Who Links To Whom? The 30M Edge GKG Outlink Domain Graph April 2016 To Jan 2019

In April 2016 we began recording the list of all hyperlinks included in the body text of each article in the GDELT Global Knowledge Graph (GKG). Only links from the actual article itself are recorded (the myriad links in the header/footer/insets/ads/etc are excluded), meaning this dataset in essence records the external sources of information deemed relevant to the current story or authoritative by that news outlet. Over the nearly three years since we began recording outlinks, we have archived 1.78 billion links from 304 million articles.

The GKG outlinks data provide powerful insights into the underlying reference graph of the global news industry, capturing the web sources each news outlet has believed was sufficiently relevant or authoritative to link to from its stories.
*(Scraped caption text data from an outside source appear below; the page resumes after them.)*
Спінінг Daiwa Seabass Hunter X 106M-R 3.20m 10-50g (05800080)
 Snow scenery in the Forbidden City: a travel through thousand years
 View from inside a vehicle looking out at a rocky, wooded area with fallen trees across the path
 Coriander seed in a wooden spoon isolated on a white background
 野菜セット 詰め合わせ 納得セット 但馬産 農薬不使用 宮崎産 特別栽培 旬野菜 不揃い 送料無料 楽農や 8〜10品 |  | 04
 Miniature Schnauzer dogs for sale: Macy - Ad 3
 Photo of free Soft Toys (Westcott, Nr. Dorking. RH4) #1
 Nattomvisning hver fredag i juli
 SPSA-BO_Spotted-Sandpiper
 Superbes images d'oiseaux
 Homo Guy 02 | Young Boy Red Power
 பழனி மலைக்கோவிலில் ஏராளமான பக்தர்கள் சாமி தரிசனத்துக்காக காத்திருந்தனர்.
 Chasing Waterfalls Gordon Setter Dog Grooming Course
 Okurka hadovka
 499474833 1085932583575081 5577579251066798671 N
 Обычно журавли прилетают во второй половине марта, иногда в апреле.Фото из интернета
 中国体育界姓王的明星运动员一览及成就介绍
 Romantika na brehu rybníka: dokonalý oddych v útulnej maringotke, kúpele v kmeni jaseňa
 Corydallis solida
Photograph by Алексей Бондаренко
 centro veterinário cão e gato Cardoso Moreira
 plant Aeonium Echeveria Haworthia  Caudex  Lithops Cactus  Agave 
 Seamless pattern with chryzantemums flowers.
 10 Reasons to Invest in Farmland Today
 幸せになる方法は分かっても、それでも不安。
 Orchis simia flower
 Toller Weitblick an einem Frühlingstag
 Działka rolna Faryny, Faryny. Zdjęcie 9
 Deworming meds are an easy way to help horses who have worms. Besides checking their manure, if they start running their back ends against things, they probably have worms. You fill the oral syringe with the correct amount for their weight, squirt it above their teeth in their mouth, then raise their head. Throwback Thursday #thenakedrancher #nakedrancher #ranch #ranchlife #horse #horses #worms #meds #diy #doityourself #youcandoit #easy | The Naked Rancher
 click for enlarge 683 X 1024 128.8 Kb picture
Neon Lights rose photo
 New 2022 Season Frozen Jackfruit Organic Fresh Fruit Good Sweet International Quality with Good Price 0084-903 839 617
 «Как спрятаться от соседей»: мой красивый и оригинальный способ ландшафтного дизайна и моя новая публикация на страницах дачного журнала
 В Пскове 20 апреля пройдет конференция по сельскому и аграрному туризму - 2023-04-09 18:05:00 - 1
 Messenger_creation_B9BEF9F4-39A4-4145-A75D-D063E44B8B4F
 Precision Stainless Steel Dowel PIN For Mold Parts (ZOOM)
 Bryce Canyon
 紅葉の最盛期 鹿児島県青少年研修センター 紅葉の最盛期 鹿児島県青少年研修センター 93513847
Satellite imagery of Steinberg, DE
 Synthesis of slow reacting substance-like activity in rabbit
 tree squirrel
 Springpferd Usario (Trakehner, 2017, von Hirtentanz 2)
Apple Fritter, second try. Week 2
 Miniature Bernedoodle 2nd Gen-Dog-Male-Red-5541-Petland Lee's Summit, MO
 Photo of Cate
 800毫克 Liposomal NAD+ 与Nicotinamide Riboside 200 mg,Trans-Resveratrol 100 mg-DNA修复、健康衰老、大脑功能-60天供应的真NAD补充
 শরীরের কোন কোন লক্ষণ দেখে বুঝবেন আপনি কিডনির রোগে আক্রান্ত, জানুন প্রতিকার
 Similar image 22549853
Today we're releasing this massive 1.78 billion link dataset as a domain-level graph recording over the period April 22, 2016 through January 28, 2019 how many times each news outlet linked to URLs on any other domain (including subdomains of itself). To compute the dataset, all 1.78 billion outlinks URLs were collapsed to their registered/registerable domain (via BigQuery's NET.REG_DOMAIN() function). Then, all links from a given news outlet domain to URLs on another domain were collapsed to a single record of the format "FromSite,ToSite,NumDays,NumLinks" that records how many different days there was at least one link from that news outlet to to that other site and how many total links (including duplicate links) there were from that outlet to that site. The dataset is in CSV format.

In all there are 30,072,787 records, corresponding to 30 million domain edges in the final connectivity graph.

One of the most useful ways to use this dataset is to sort by the "NumDays" field to rank the top outlets linking to a given site or the top outlets that linked to another outlet. Using the NumDays field allows you to rank connections based on their longevity and filter out momentary bursts (such as a major story leading an outlet to run dozens and dozens of articles linking to an outside website for several days and then never linking to that website again).

The entire dataset was created with a single line of SQL in Google BigQuery, taking just 64.9 seconds and processing 199GB.

 

 

TECHNICAL DETAILS

Creating this massive dataset required just a single line of code in BigQuery (NOTE that this query is in BigQuery Standard SQL).

select fromsite,tosite,count(distinct day) numdays, sum(cnt) totlinks from (
select fromsite, tosite, day, count(1) cnt from (
select day, fromsite, NET.REG_DOMAIN(link) tosite from (
SELECT SUBSTR(CAST(DATE as string), 0, 8) day, SourceCommonName fromsite, SPLIT(REGEXP_EXTRACT(Extras, r'<PAGE_LINKS>(.*?)</PAGE_LINKS>'), ';') tolinks FROM `gdelt-bq.gdeltv2.gkg_partitioned`
), unnest(tolinks) as link
) group by fromsite,tosite,day having fromsite != tosite
) group by fromsite,tosite